2019-06-29 Thread Ronald F. Guilmette
In message <20190628144427.4845f70...@pb-smtp20.pobox.com>, 
Ken Hornstein  wrote:

>Ok, these things are not hard.

Speak for yourself!  My little pea brain is still trying to grok all this.

>First, delete the entries for showproc and showmimeproc; the defaults
>for these programs are fine (they are, respectively, mhl and mhshow; you
>can look at mh-profile(5) for the exact defaults).

My man page sez the defaults are:
  showmimeproc: /usr/local/bin/mhshow
   showproc: /usr/local/libexec/nmh/mhl

Hope those are right!

>Secondly, I see that in your profile you have:
>
>   mhshow-show-text/html: more '%F'
>
>Which isn't helping things, so delete that also.

Done.

>I don't know if the
>package for nmh on FreeBSD sets things up correctly, but if you look
>at mhn.defaults (which should be in the 'etc' directory somewhere) you
>might see a line that looks like:
>
>mhshow-show-text/html: charset=3D%{charset}; %lw3m -dump ${charset:+-I "$c=
>harset"} -T text/html %F

I have *no* line in /usr/local/etc/nmh/mhn.defaults file that begins with
or even contains the literal string "mhshow-show-text/html".  So I have tried
to add what you posted to my test account ~/.mh_profile file, but the
line you sent got garbled in transmission because your posting was:

Content-Transfer-Encoding: quoted-printable

I have tried my best to infer what you wrore.
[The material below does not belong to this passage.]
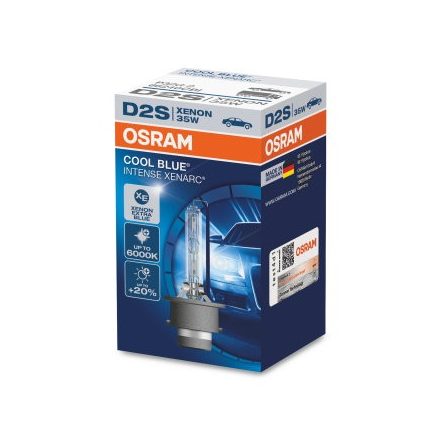 OSRAM 12/24V 35W P32d-2 D2S XENARC CB INTENSE Doboz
Please check and tell me if
this is exactly correct:

   https://pastebin.com/raw/MQLysN7U

>If you DON'T, then you could add that to your profile

Done.

>(assuming you are using w3m)

I wasn't.  In faact I never even heard of the thing before now.
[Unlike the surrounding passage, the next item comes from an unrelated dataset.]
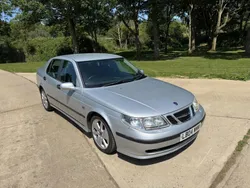 Silver Used 2004 Saab 9-5 Vector Sedan | £2,995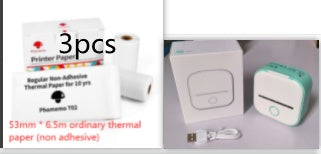 Velorian Collection portable mini thermal label printer with Bluetooth, compact design, ideal for home, student, and price tag labeling.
But fortunately, there is a port/package of that for FreeBSD and I have
just installed it.

>and that should make 'show' mostly do the right thing.
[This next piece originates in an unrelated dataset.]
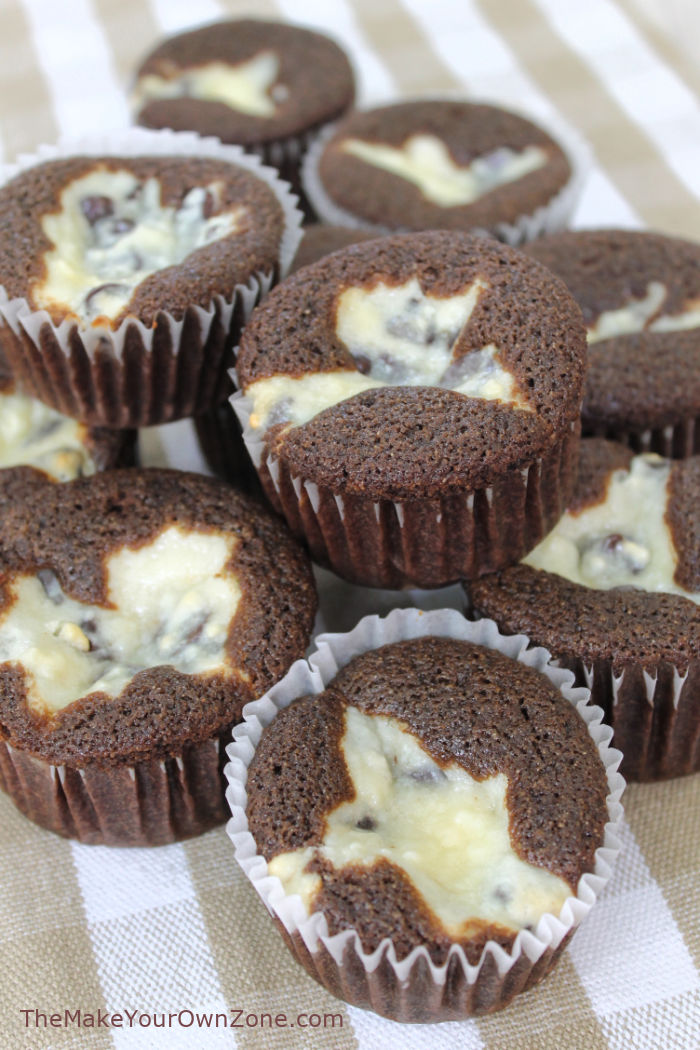 Topsy Turvy cupcakes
Mostly, it looks OK, but I keep on getting stuff like this at the top:

   [ part 1 - text/html -   1.3KB  ]

I actually kind of like that.  i just hope that it won't show up when
I go to to "repl".

>I also see you have:
>
>   mhshow-charset-iso-8859-1: %s
>
>I'd delete that

Done.

>also (we have native support for iconv).  And just as a
>matter of future-proofing, I'd recommend using a UTF-8 locale if you aren't
>already.

How would I know, one way or the other?

Here is what I have set.  is this what you are talking about?  Or do I
need to fiddle sonmething else entirely?

% env | fgrep LOCALE
XTERM_LOCALE=en_US.UTF-8

>Now, for showing full headers ... this is also not hard...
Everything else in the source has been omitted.